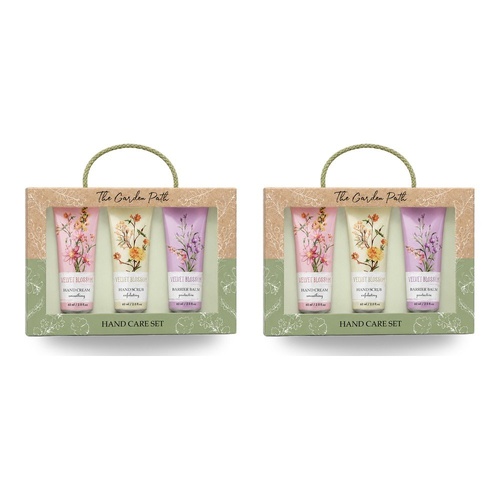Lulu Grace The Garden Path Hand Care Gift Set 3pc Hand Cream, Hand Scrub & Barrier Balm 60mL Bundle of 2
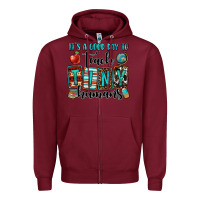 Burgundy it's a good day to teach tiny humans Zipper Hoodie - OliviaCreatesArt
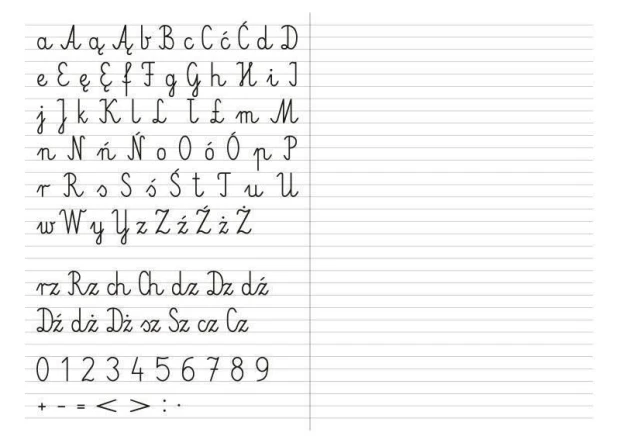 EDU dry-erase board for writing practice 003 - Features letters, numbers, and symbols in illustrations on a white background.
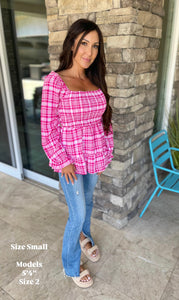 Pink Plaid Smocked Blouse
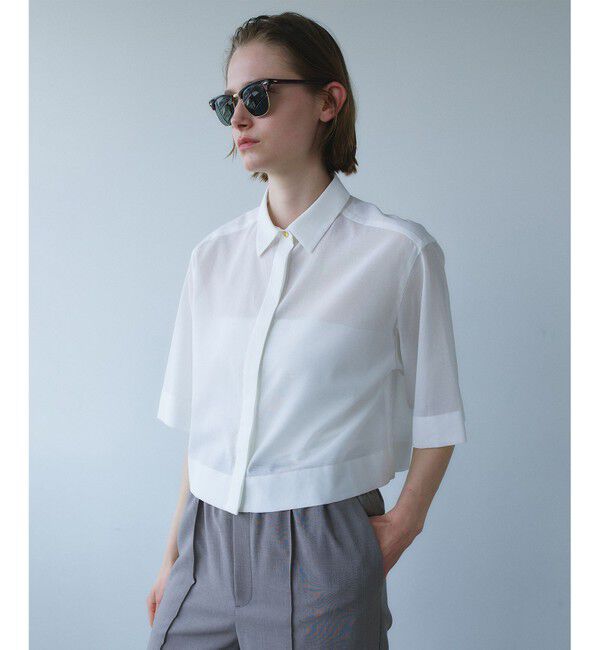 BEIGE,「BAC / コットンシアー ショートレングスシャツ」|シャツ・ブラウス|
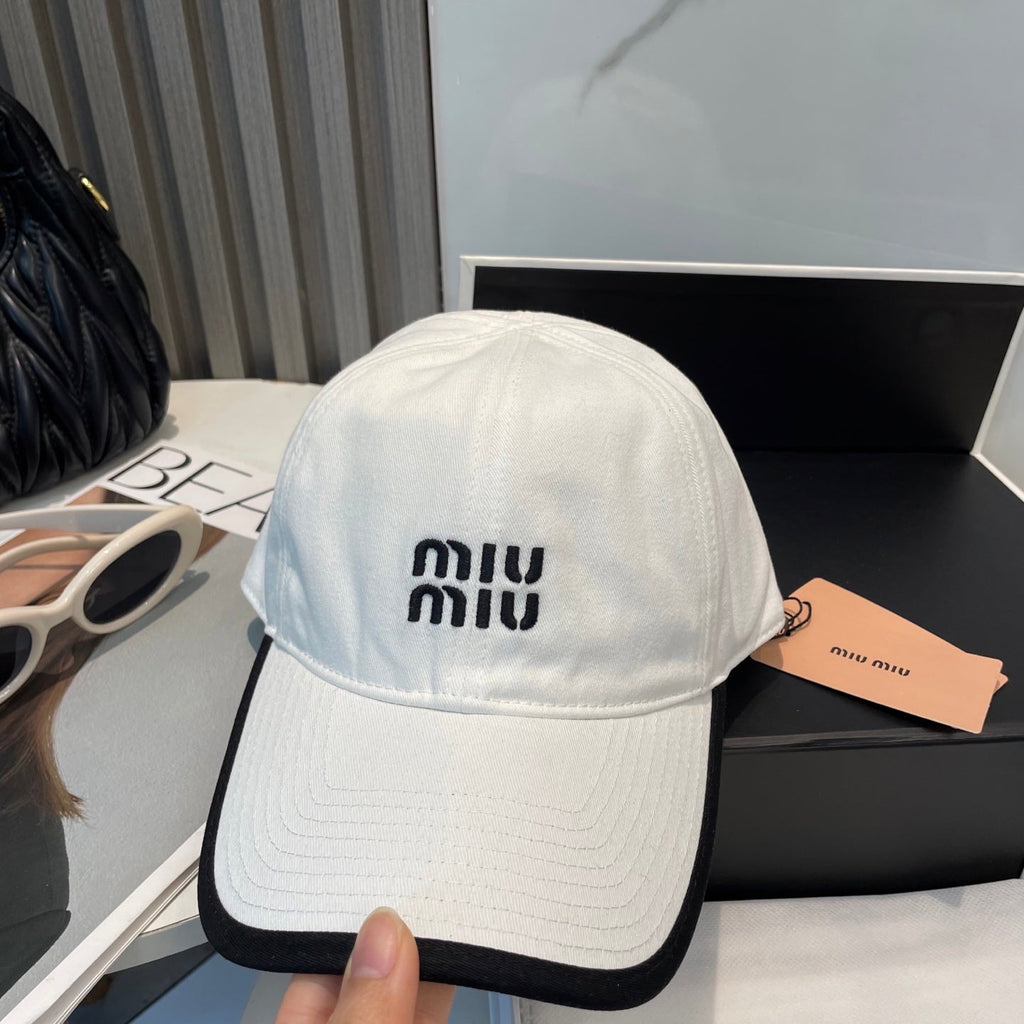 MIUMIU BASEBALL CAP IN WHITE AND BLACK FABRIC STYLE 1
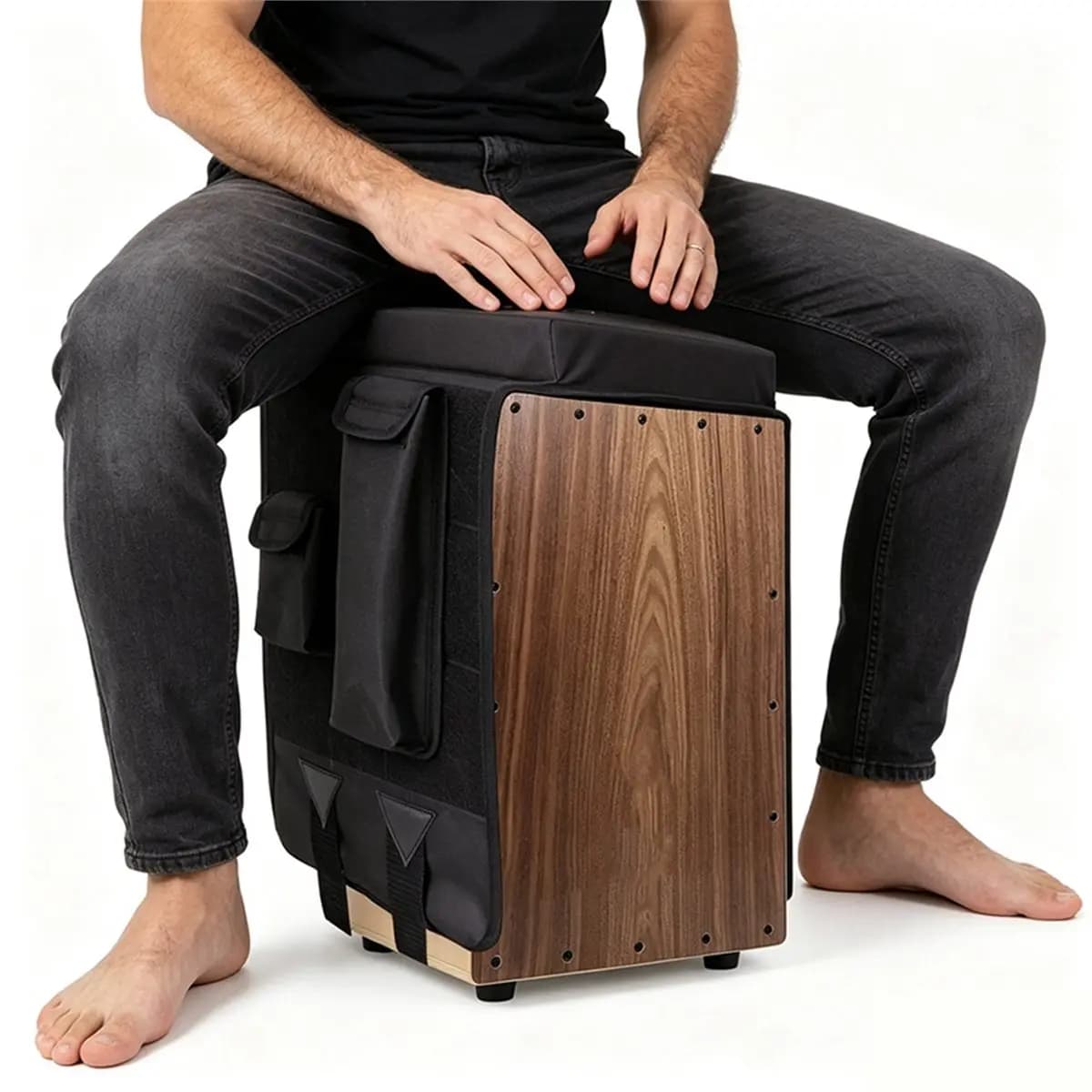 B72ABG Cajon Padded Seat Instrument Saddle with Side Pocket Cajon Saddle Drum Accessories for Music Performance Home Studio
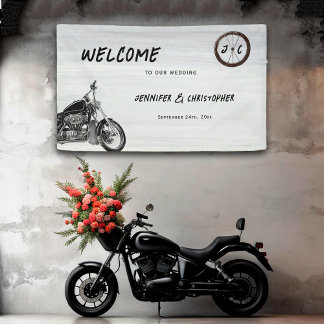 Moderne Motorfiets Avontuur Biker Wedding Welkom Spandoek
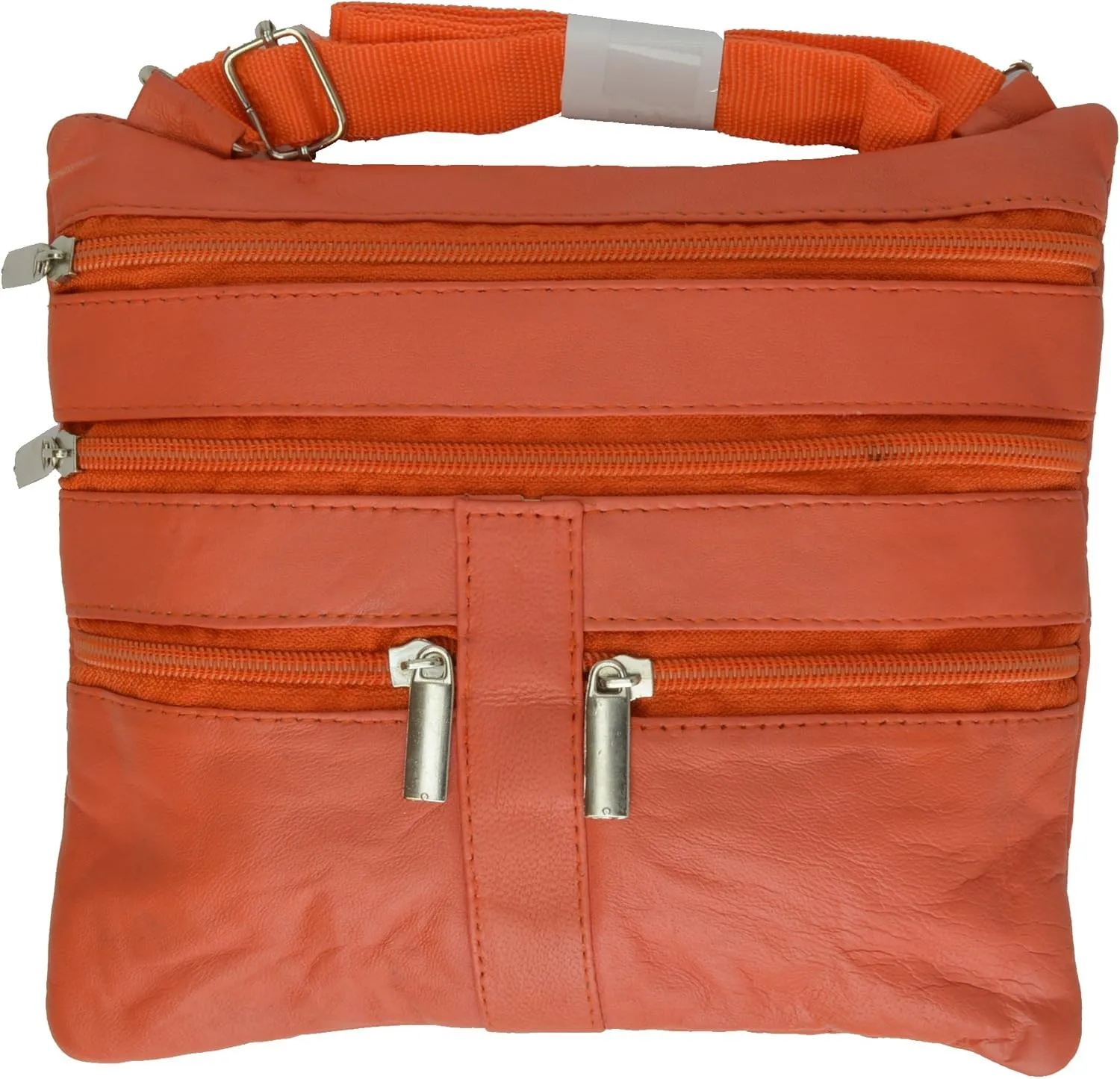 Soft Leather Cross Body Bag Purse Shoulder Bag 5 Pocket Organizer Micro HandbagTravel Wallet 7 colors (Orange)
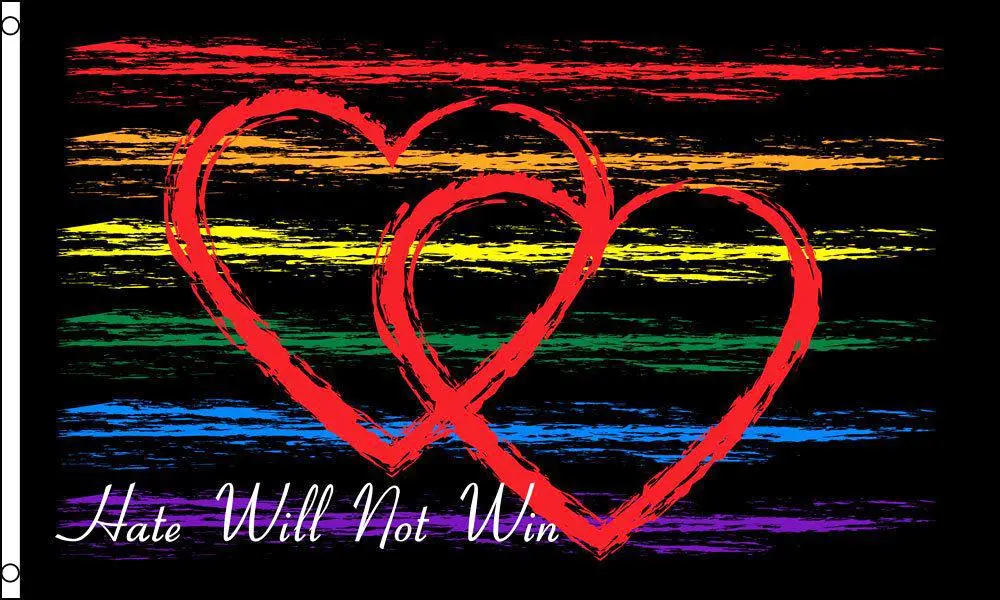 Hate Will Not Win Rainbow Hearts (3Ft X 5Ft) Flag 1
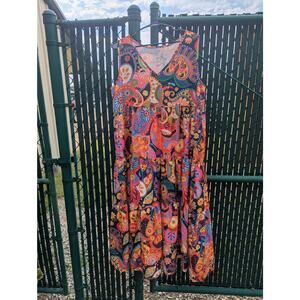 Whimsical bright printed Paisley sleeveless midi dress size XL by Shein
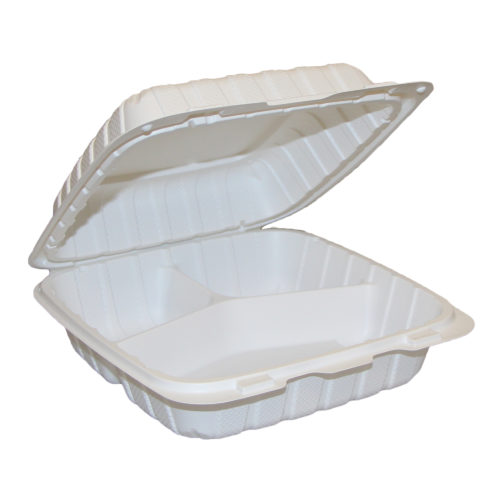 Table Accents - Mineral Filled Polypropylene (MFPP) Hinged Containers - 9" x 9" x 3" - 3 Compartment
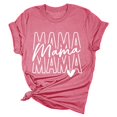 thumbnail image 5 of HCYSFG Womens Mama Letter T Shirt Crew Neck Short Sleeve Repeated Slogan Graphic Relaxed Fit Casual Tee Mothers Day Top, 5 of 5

▶ TASK DESCRIPTION
The lines to be transcribed are those from the first line of the data above through the line holding "Moderne Motorfiets Avontuur", inclusive; copy them exactly and only, leaving out the pictures.

▶ THE ANSWER
Lulu Grace The Garden Path Hand Care Gift Set 3pc Hand Cream, Hand Scrub & Barrier Balm 60mL Bundle of 2
 Burgundy it's a good day to teach tiny humans Zipper Hoodie - OliviaCreatesArt
 EDU dry-erase board for writing practice 003 - Features letters, numbers, and symbols in illustrations on a white background.
 Pink Plaid Smocked Blouse
 BEIGE,「BAC / コットンシアー ショートレングスシャツ」|シャツ・ブラウス|
 MIUMIU BASEBALL CAP IN WHITE AND BLACK FABRIC STYLE 1
 B72ABG Cajon Padded Seat Instrument Saddle with Side Pocket Cajon Saddle Drum Accessories for Music Performance Home Studio
 Moderne Motorfiets Avontuur Biker Wedding Welkom Spandoek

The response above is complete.